Ransomware attacks are rapidly shifting from individual systems to the foundations of virtual infrastructure. Hypervisors such as VMware ESXi and Microsoft Hyper-V are increasingly becoming the primary target.
Attackers realize that control over this layer directly affects all underlying virtual machines, meaning a single breach can disrupt entire environments.
Research by security company Huntress shows how rapidly this trend is developing. In the second half of 2025, the share of hypervisors in ransomware incidents rose from a few percent to a quarter of all observed cases. That amounts to an increase of hundreds of percent, The Register reported based on Huntress data. The Akira ransomware group plays a dominant role in this, but other attackers are following the same pattern.

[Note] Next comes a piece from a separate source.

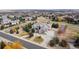 Picture of a home and long driveway in a well-maintained neighborhood with mature trees and landscaping at 6425 Tremolite Dr, Castle Rock, CO 80108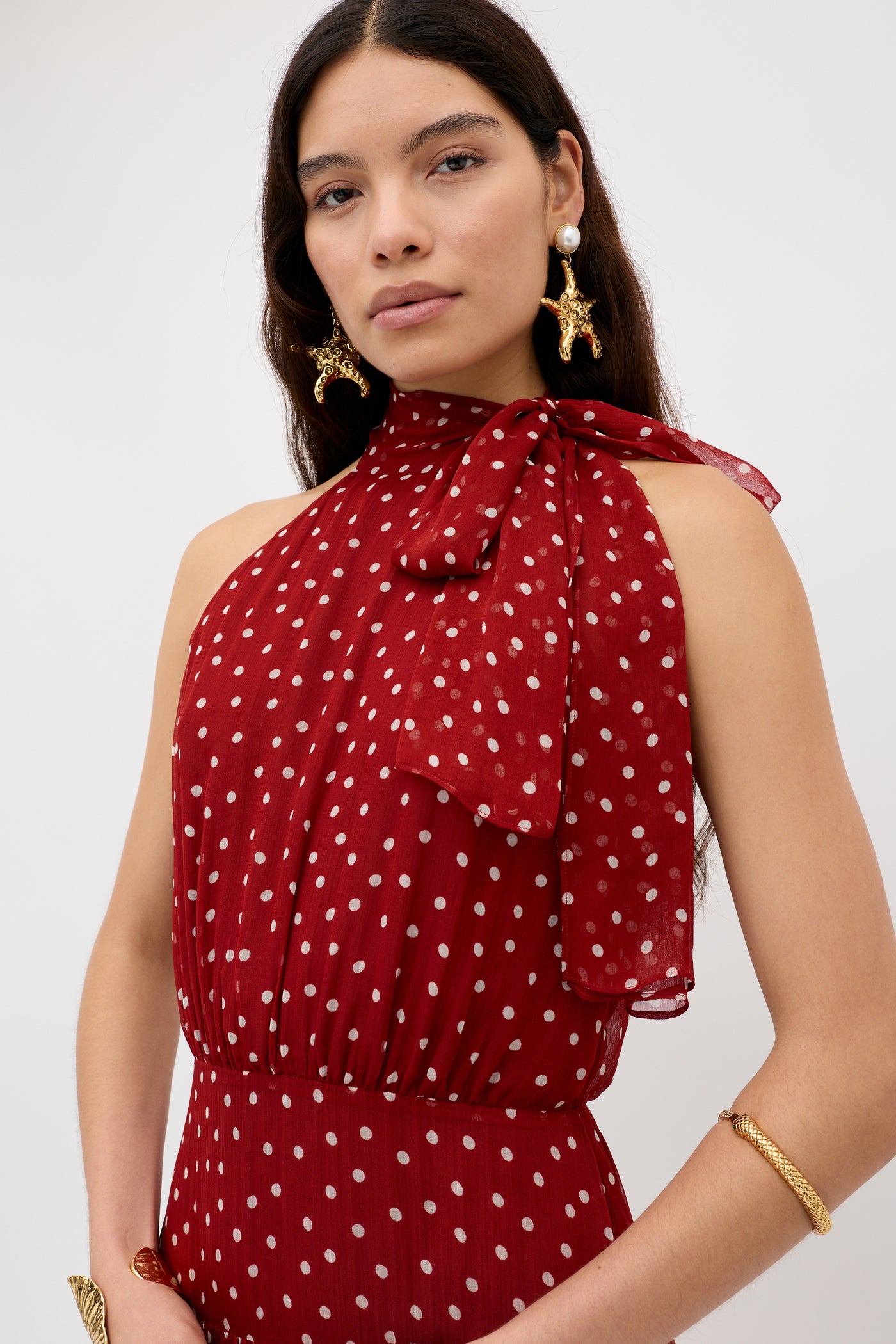 A woman with long dark hair wears the Abi - Layla Dot Red crinkled chiffon midi dress with white polka dots and a large neck bow, styled with gold sea creature earrings and a gold bracelet, standing against a plain white background.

The motivation behind this shift is pragmatic. Hypervisors often have less built-in security and are rarely protected by traditional endpoint detection. As with VPN equipment earlier, attackers are discovering that this is a relatively poorly guarded entry point. Once inside, they can exploit built-in management functionality to shut down virtual machines, change configurations, and encrypt storage, sometimes without installing additional ransomware files.
Attacks difficult to detect
In several incidents, researchers observed how attackers reused authentication credentials after an initial hack to access hypervisor management interfaces. They then used management tools to disable security, modify network configurations, and prepare for large-scale encryption. This makes these attacks difficult to detect and highly effective.
The impact extends beyond on-premises data centers. The Register points out that a successful escape from a virtual machine to the hypervisor could have significant consequences for public cloud environments, which also rely on hypervisors for tenant isolation. Although such scenarios are rare, they underscore the fundamental role of this layer.
Defense begins with recognizing that risk. Hypervisors must be treated as critical infrastructure, with strict access control, multi-factor authentication, minimal exposure of management interfaces, and consistent patching. Monitoring also deserves extra attention, so that unusual management actions or configuration changes are quickly noticed.
Even then, recovery remains crucial. Attacks at the hypervisor level explicitly target virtual disks and host files. Without properly separated and regularly tested backups, there is no realistic alternative to paying. The conclusion is inevitable: anyone who uses virtualization must consider the hypervisor as a primary line of defense, not as a self-evident underlying layer.